17 Nisan 2012 Salı

Günah Çıkarıyorum

Bazen, bir noktada etki edersiniz ve bu sizi uzun bir süre kalıcı kılar. Aydın Yılmaz da bu trene zamanında binenlerden. Tabii, Konyaspor maçında attığı o golün etkisinin bugünleri görmesinde etkisi yok ama zamanında yarattığı izlenimi hepimiz biliyoruz. Umut ışığı oldu bir anda, haliyle beklentileri de yukarı çekti ama istenilen düzeye ulaşamadığı her gün de en çok tepkiyi gören futbolculardan biri o oldu.

O tepkiyi veren isimlerden biri de benim. Hatta bir dönem, ''Aydın Yılmaz'ın torpili nereden geliyor acaba'' gibisinden, bugün düşündüğümde çok ağır şeyler bile söylemişim. Genç etkisi onun için de var aslında, algımızda çok uzun bir süre daha genç olarak kalacak ama 24 yaşına geldi ve genç değil yani, tecrübe şerbetini içmeye ufaktan başladığı yaşlar.

Her transfer dönemi, yazdık. ''Bu adam neden gönderilmiyor'' dedik.
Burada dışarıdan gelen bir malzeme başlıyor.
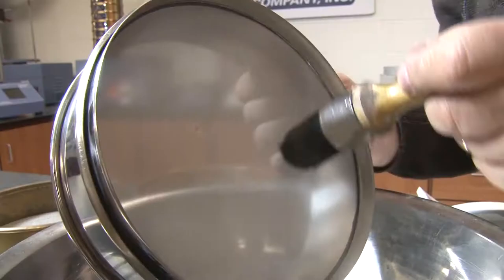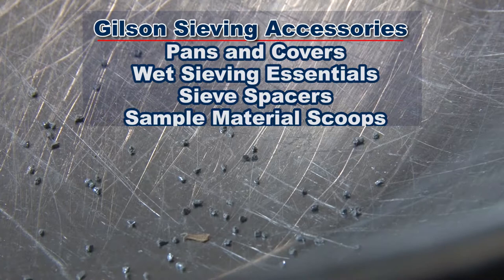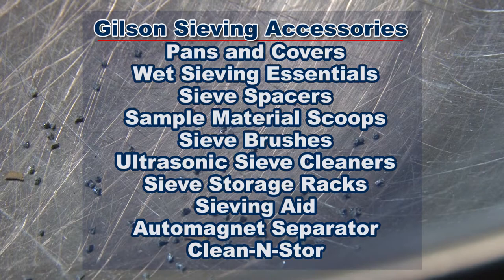Gilson's complete selection of sieving accessories help you clean, maintain, and store your test sieves, such as Gilson's extensive selection of sieve pans and covers, scoops, sieve brushes, ultrasonic cleaners, and much more.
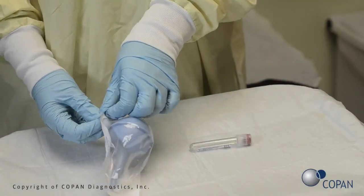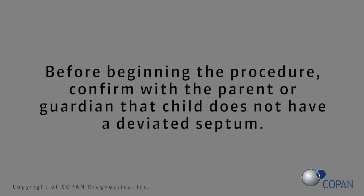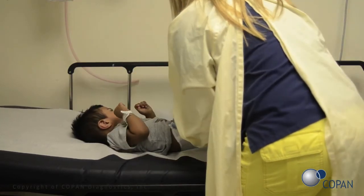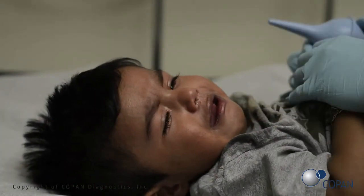Open the sterile bulb package. Before beginning the procedure, confirm with the parent or guardian that the child does not have a deviated septum. Lie the child down or have the parent or guardian hold the child so that their head is tilted back and neck is extended to allow for the pooling of the aspirate in the nasopharynx.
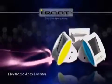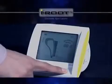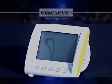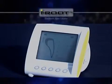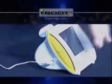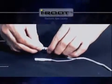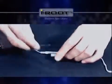Now we'll see what you need to prepare before using iRoot. First, check if the LCD screen works fine when the unit is on. Then connect the probe cord and connect a lip clip and a file holder to the two ports of the probe cord.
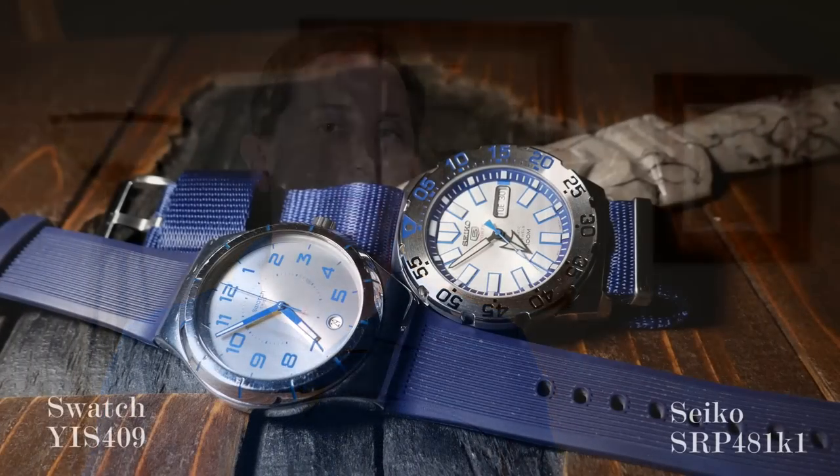Right around the same time I reviewed the Seiko Bottle Cap, I had an opportunity on Massdrop to get a Seiko Baby Monster, and there was a choice between the orange one and this silver version, which has become known as the Ice Monster. I thought the Ice Monster was much more interesting, although I had some concerns about its silver and blue color scheme, but once I got it in my hands, all of that quickly disappeared — something I went through similarly with Swatch's System Navy.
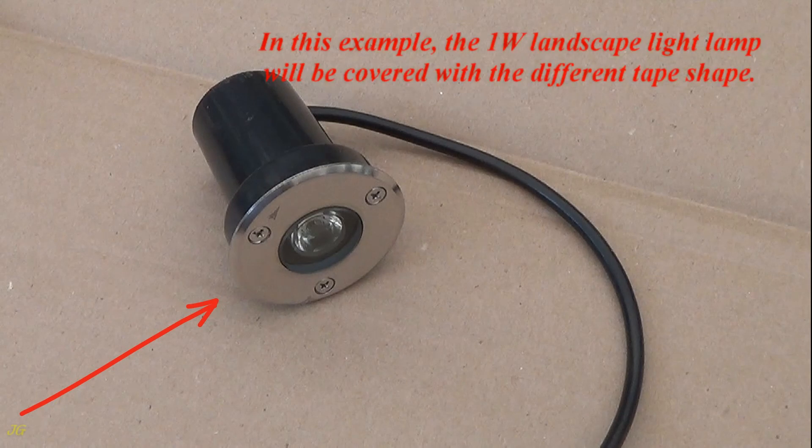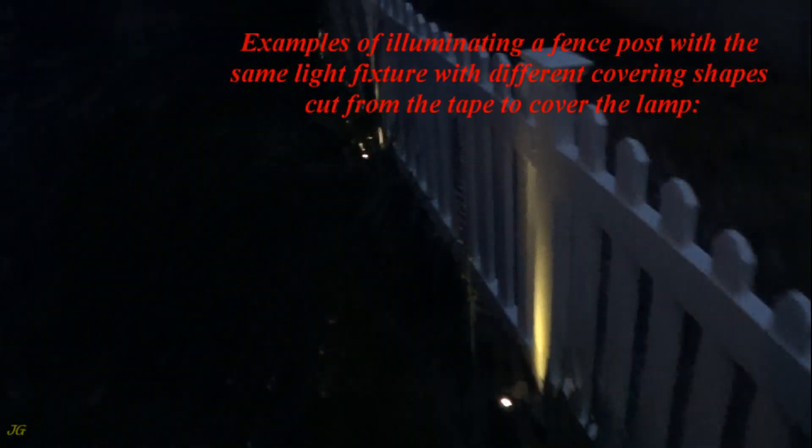In this example, the 1 Watt Landscape Light Lamp will be covered with different tape shapes. Examples of illuminating a fence post with the same light fixture using different covering shapes cut from the tape to cover the lamp.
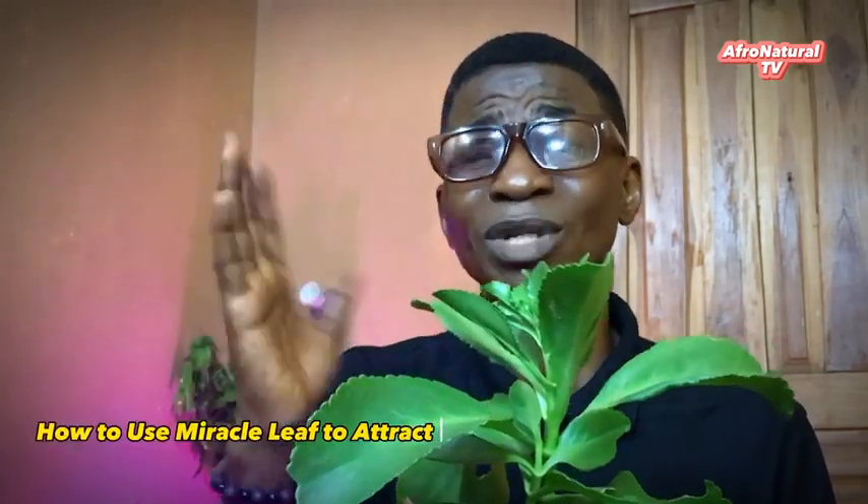It's a miracle. It works like magic. It has so many uses — both medicinal uses, earth uses, spiritual uses, and even cosmetic uses. You can use it for so many things. But today, I'm going to be teaching you how to use it to attract money.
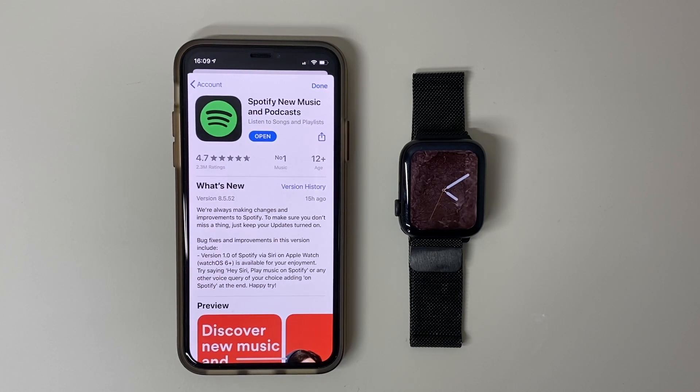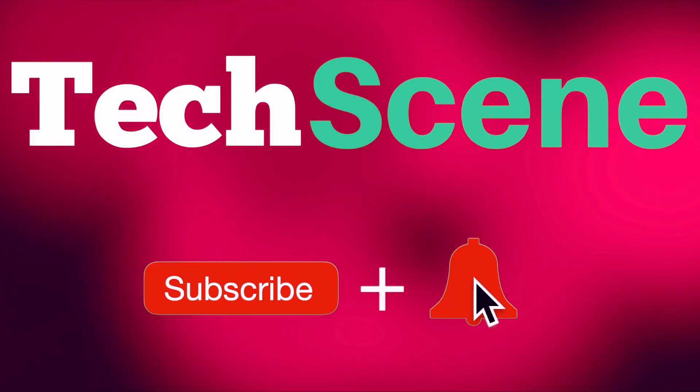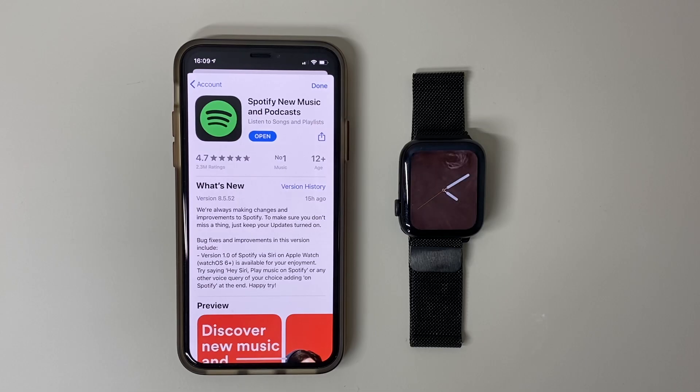Spotify have just released a brand new software update for the iPhone and Apple Watch. In this new update, what you can do is use Siri on your Apple Watch to control Spotify on your iPhone.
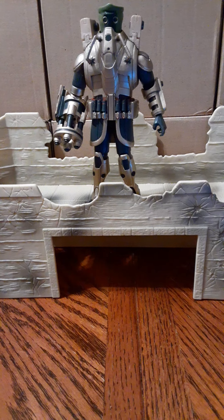Hasbro gave this very big figure 13 points of articulation, including a ball joint in both shoulders, elbows, and knees. There are swivel joints in the neck and left wrist, both legs and ankles. The only other part of the figure which is not movable is the right wrist, because of the quad cannon part of Call Tesco's right arm. And even though the figure is almost twice as tall as a regular figure, it stands securely and there are no balancing issues.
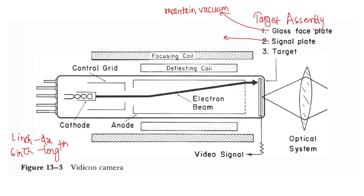The light will travel through the glass face plate and then to the signal plate. The signal plate is a thin transparent film made up of graphite, located on the inner surface of the glass face plate. This signal plate is an electrical conductor with a positive potential of around 25 volts.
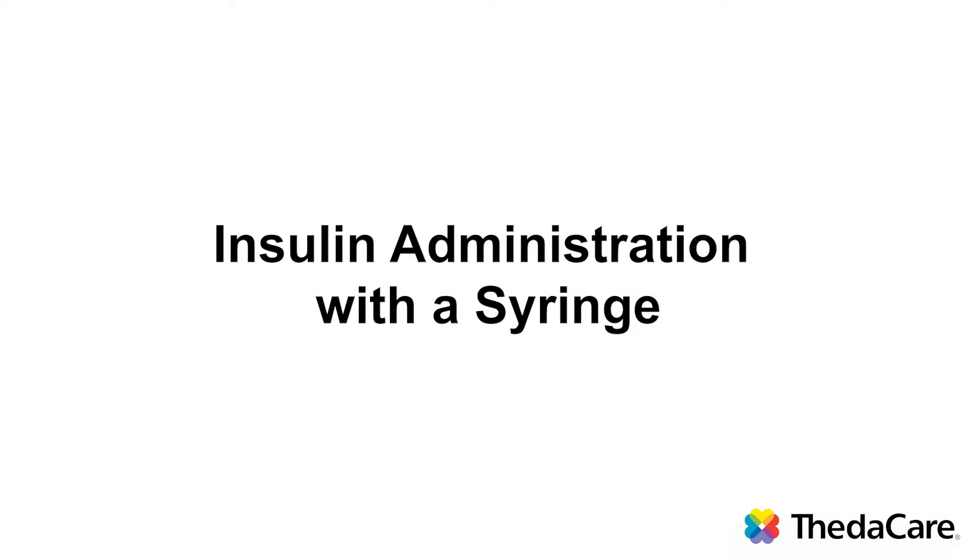Hi, my name is Joyce Graves, Diabetes Educator with ThetaCare. The topic of this video is to show you how to draw up and inject insulin using a vial and a syringe.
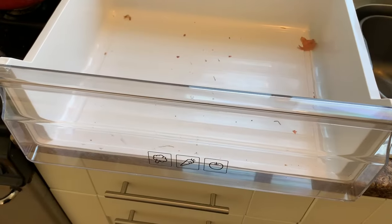Next you're going to want to clean all your shelves and containers, and to do that you're just going to use warm soapy water. You're going to want to pay particular attention to your food drawers and making sure you get all of these nasty bits out.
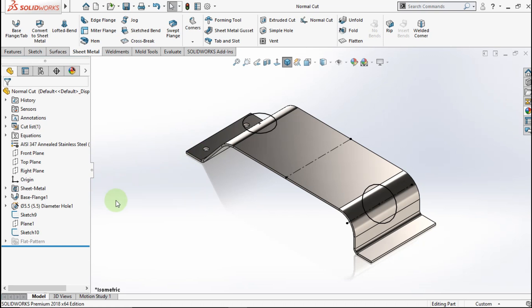Hello everyone, this is a quick tips. Today in this video, I will show you a tips called a hole in sheet metal. But before that, let's make a hole in this plane.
Yerli futbolcusu transferi ettik, neden takas etmedik dedik. Bunları yazdık, çünkü kendisini kanıtlamak adına gerçekten varlık gösteremedi. Sürekli sakatlıklar, fizik olarak güçsüz kalması, futbol anlamında üzerine birşeyler ekleyememesi gibi durumlar. Bir futbolcu bütün bunları yapamamasına rağmen neden hala Galatasaray formasını giyer, bu konu çok konuşuldu.

En son halka da zaten şu oldu. Necati Ateş transferinde Aydın Yılmaz veya o değerde bir isim sezon sonunda Antalyaspor'a verilecek maddesi vardı. ''Aydın Yılmaz neden şimdi değil de sezon sonu gönderilecek'' dedik ve bunu ''devre arasında kanat futbolcusu alınmayacak, yine mi Aydın Yılmaz'a kaldık'' gibi şeylere bağladık.

Haklıydık aslında, o gün bunları dedim diye pişman değilim, kimse de değildir. Aydın Yılmaz'ın kötülüğünü asla istemiyorduk, onun yükselmesi bizim için müthiş bir olay olur. Galatasaray'ın kendi evladı sonuçta, böyle futbolcuların bir şeyler yapması daha bir güzel oluyor.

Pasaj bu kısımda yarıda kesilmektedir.